# Work instructions
Leaving the pictures aside, return all of the data below exactly.

# Data below
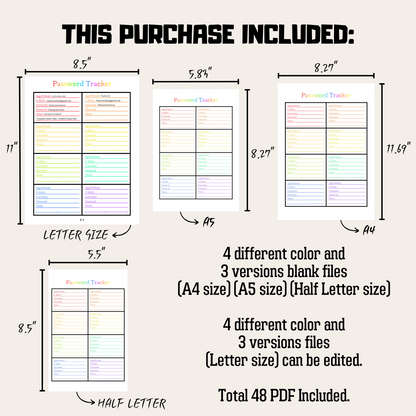 Editable Password Tracker 2: Rainbow Color Product Information Details And Print Out Size Demo
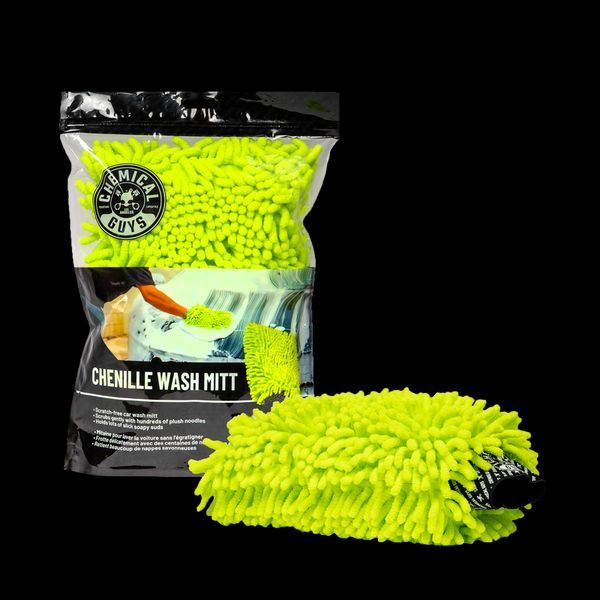 Рукавичка з мікрофібри з довгим ворсом, Chenille Microfiber Car Wash Mitt, салатова, Chemical Guys MIC493 фото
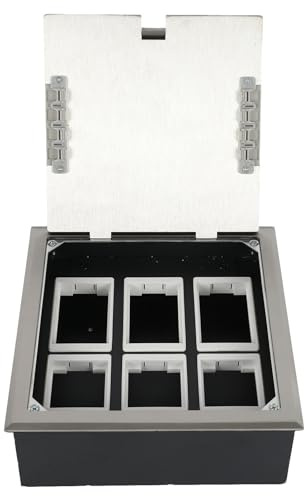 Bodentank Bodensteckdose aus Edelstahl, Einbausteckdose, Bodeneinbau-Steckdosenbox, Optionale Einsätze zum Selber Bestücken, 2/4/6 Fach, Ebenerdige Steckdosen (6 Fach 210 * 200mm)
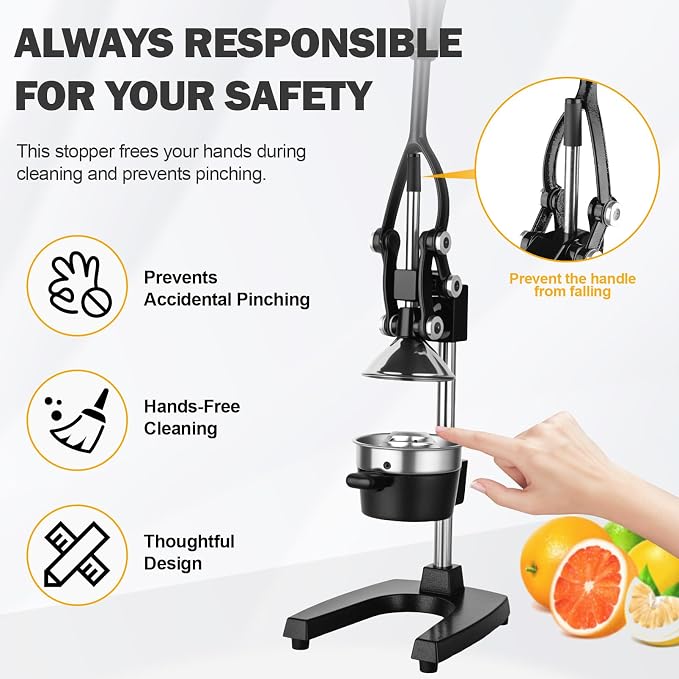 Lemon Squeezer Manual Citrus Juicer Press, Heavy Duty Cast Iron Orange Juicer with Stainless Steel Cone, Commercial Lever Juice Press for Lemon, Lime & Citrus Fruits, Easy to Clean - Image 6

# Solution below
 Editable Password Tracker 2: Rainbow Color Product Information Details And Print Out Size Demo
 Рукавичка з мікрофібри з довгим ворсом, Chenille Microfiber Car Wash Mitt, салатова, Chemical Guys MIC493 фото
 Bodentank Bodensteckdose aus Edelstahl, Einbausteckdose, Bodeneinbau-Steckdosenbox, Optionale Einsätze zum Selber Bestücken, 2/4/6 Fach, Ebenerdige Steckdosen (6 Fach 210 * 200mm)
 Lemon Squeezer Manual Citrus Juicer Press, Heavy Duty Cast Iron Orange Juicer with Stainless Steel Cone, Commercial Lever Juice Press for Lemon, Lime & Citrus Fruits, Easy to Clean - Image 6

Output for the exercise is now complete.